Stored data:
....
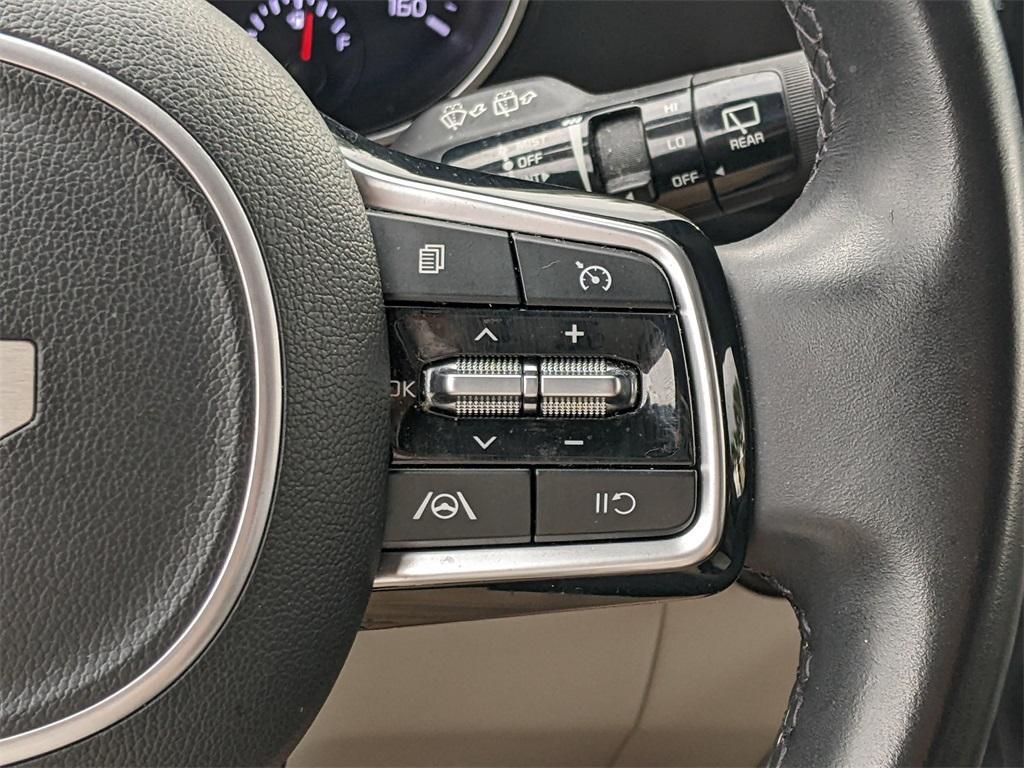 used 2022 Kia Carnival car, priced at $22,592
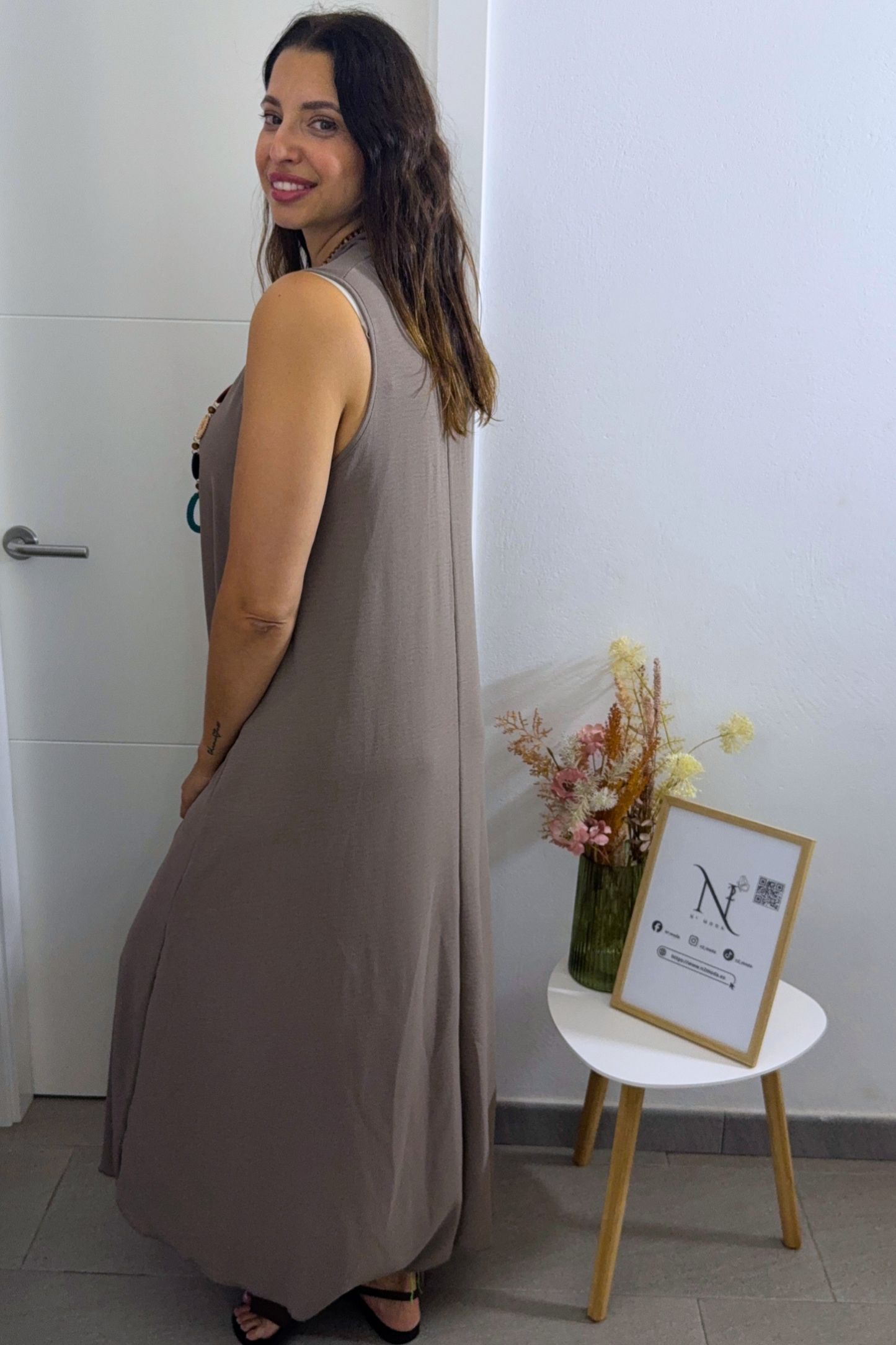 VESTIDO COLGANTE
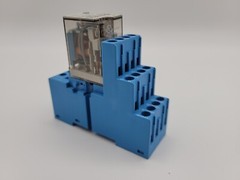 Finder 55-34-9-024-0000 Relay 7A 250VAC with Socket Base 10A 250/300V Type 94.04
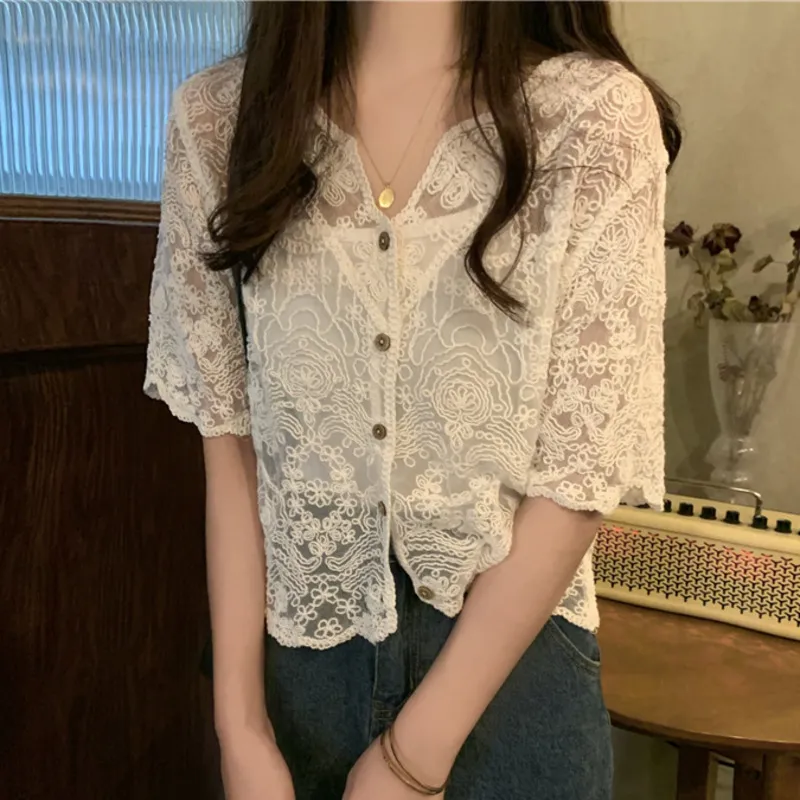 Verão coreano bordado tops de mangas curtas mulheres lace blusa doce buttle sheer cadigan camisa tops 210515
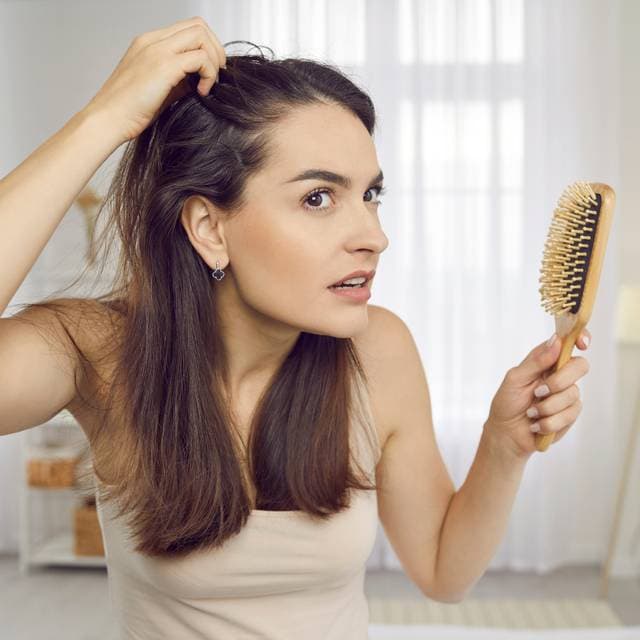 Alopecia sau căderea părului: cauze, simptome, tratament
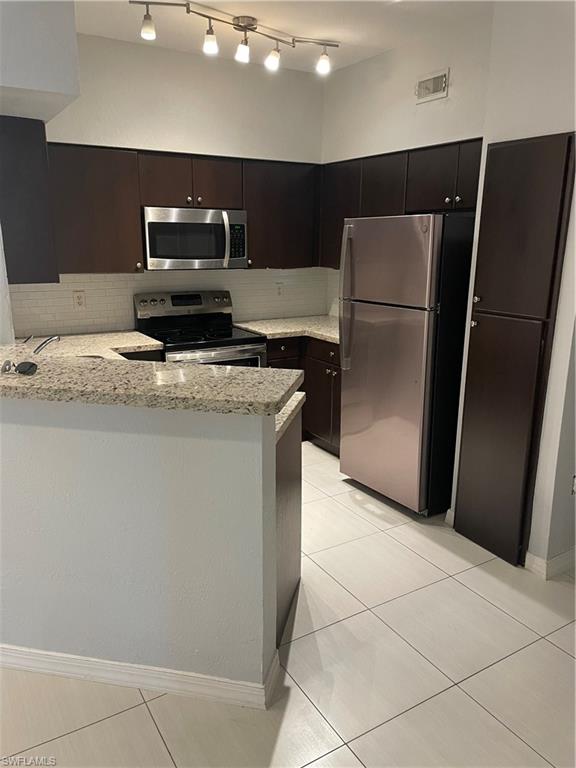 23520 Walden Center DR 105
....
Nothing in the records should be changed in the copy, but the pictures must be left out.

 used 2022 Kia Carnival car, priced at $22,592
 VESTIDO COLGANTE
 Finder 55-34-9-024-0000 Relay 7A 250VAC with Socket Base 10A 250/300V Type 94.04
 Verão coreano bordado tops de mangas curtas mulheres lace blusa doce buttle sheer cadigan camisa tops 210515
 Alopecia sau căderea părului: cauze, simptome, tratament
 23520 Walden Center DR 105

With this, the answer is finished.